Some have hailed it as a masterpiece, others have complained it left them cold. Personally, seeing it on 70mm, I found Dunkirk a highly immersive and visceral film, cinematic in the truest sense of the word. The huge, sharp images free from any (apparent) CGI tampering, combined with the nerve-jangling gunshots and rumbling engines of the superlative soundtrack, gave me an experience unlike any other I can recall in recent movie-going history. I can imagine that it was less effective projected from a DCP onto a smaller screen, which may account for the underwhelmed reactions of some.

But however you feel about Dunkirk as a film, it’s hard not to admire its technical accomplishments. Here are five unique aspects of its cinematography.

 

1. It was shot on two huge formats.

Director Christopher Nolan has long been a champion of large-format celluloid capture, eschewing the digital imaging which has become the dominant medium in recent years. “I think IMAX is the best film format that was ever invented,” says Nolan in a DGA interview. “It’s the gold standard and what any other technology has to match up to, but none have, in my opinion.”

Imax is a process which uses 65mm film (printed on 70mm for exhibition, with the extra space used for the soundtrack) running horizontally through the gate, yielding an image over eight times larger than Academy 35mm. Following some test shots in The Prestige, Nolan captured whole sequences from The Dark KnightThe Dark Knight Rises and Interstellar in Imax.
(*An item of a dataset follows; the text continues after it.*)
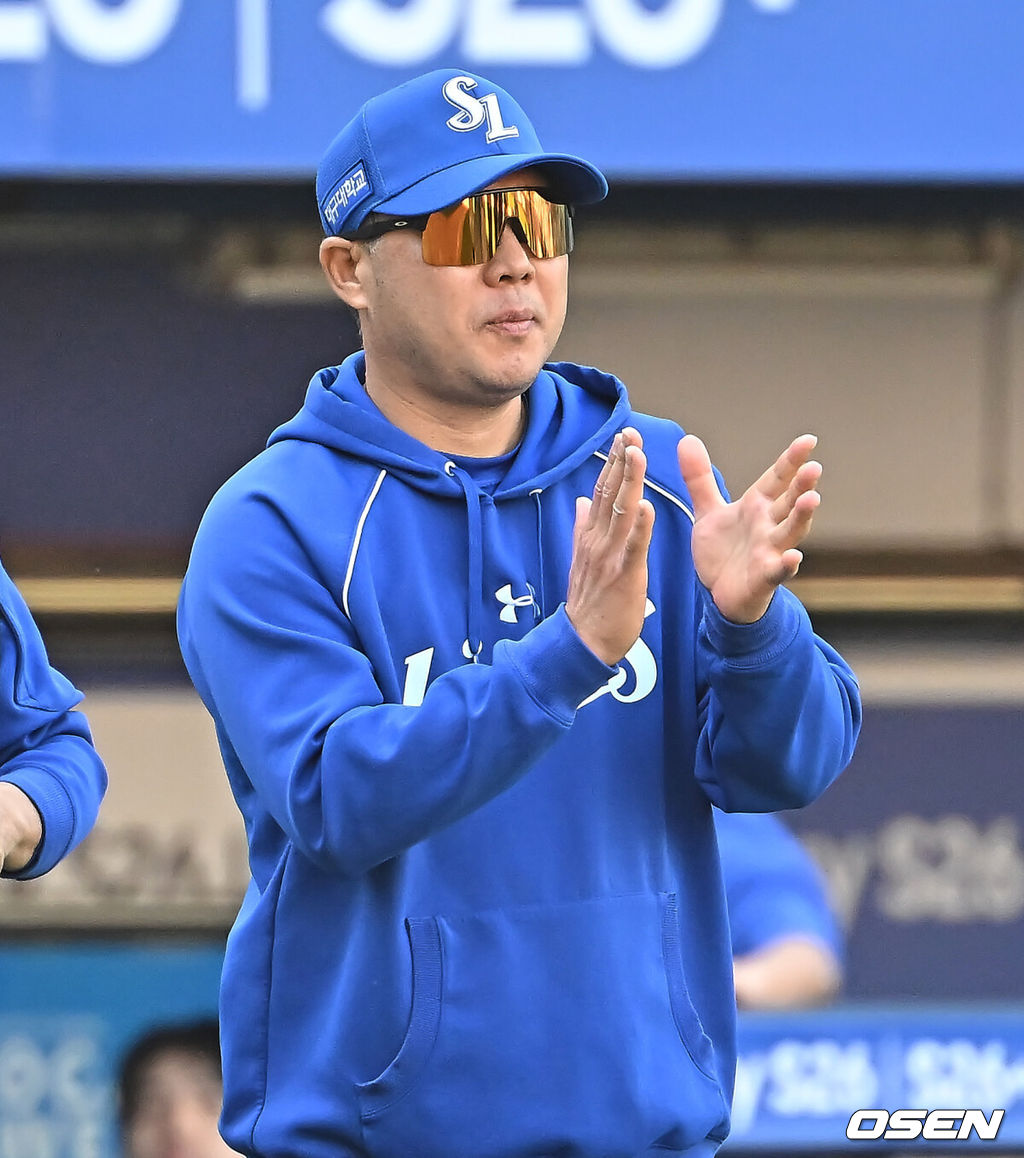 5일 대구삼성라이온즈파크에서 2026 신한 SOL KBO 리그 삼성 라이온즈와 키움 히어로즈의 경기가 열렸다. 홈팀 삼성은 오러클린이, 방문팀 키움은 오석주가 선발 출전했다. 삼성 라이온즈 박진만 감독이 키움 히어로즈에 11-1로 승리한 후 승리 축하 박수를 치고 있다. 2026.05.05 / foto0307@osen.co.kr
For Dunkirk, Nolan and cinematographer Hoyte van Hoytema, ASC, FSF, NSC were determined to eliminate 35mm altogether, to maintain the highest possible resolution throughout the movie. Imax cameras are noisy, so they shot dialogue scenes on standard 65mm – running vertically through the gate – but Imax footage makes up over 70% of the finished film.

 

2. The movie was framed with three different aspect ratios in mind.

Those who watched Dunkirk in an Imax cinema got to see the native aspect ratio each sequence was captured in, i.e. 2:20:1 for the standard 65mm dialogue scenes but the much taller 1.43:1 for the Imax material, the bulk of the film. Those, like me, who attended a standard 70mm screening, saw it in 2:20:1 throughout. And those hapless individuals who watched it digitally apparently saw the standard Scope ratio of 2.39:1, at least in some cases.

This means that, when composing his shots, van Hoytema had to have two ratios in mind for the dialogue scenes and three for everything else. “Framing was primarily for the 2.40 [a.k.a. 2:39:1], then protecting what was outside of it,” 1st AC Bob Hall explains. This left close-ups, for example, with a large amount of headroom in 1.43:1, but the huge size of Imax screens made such framing desirable anyway.  “Imax is such an immersive experience that it’s not so much the composition that the cinematographer’s done as where your eyes are going on the screen that creates the composition.”

 

3. Parts of the camera rig were worn as a backpack.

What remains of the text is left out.